> Exercise description:
Nothing may be left out of the listing below but its images; repeat the rest exactly.

> Supplied data:

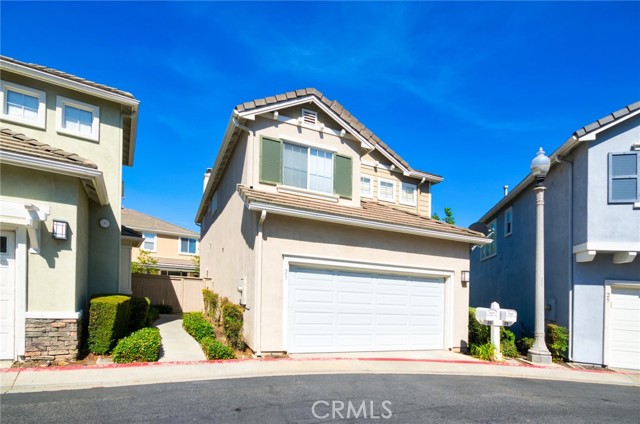 23 Windward Way, Buena Park CA: https://media.crmls.org/medias/ecb180f4-29a2-4b2b-a09a-646fda18f165.jpg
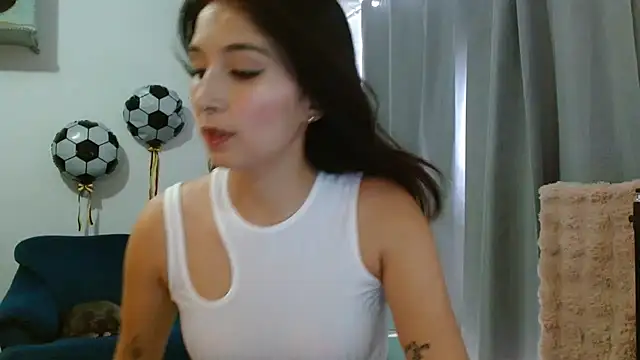 Snapshot of Almaglow_ chatting on 9, 7, 2026 Almaglow online show from 9, 7, 2026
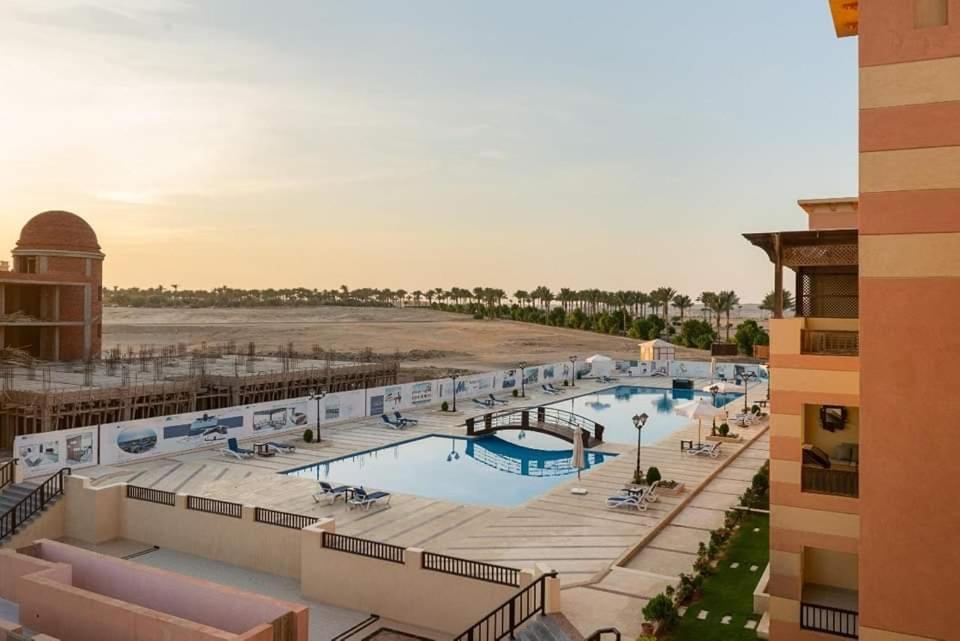 vista sulla piscina di un resort di Marina City portghalib one bedroom a Port Ghalib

> Reply to the task:
 23 Windward Way, Buena Park CA: https://media.crmls.org/medias/ecb180f4-29a2-4b2b-a09a-646fda18f165.jpg
 Snapshot of Almaglow_ chatting on 9, 7, 2026 Almaglow online show from 9, 7, 2026
 vista sulla piscina di un resort di Marina City portghalib one bedroom a Port Ghalib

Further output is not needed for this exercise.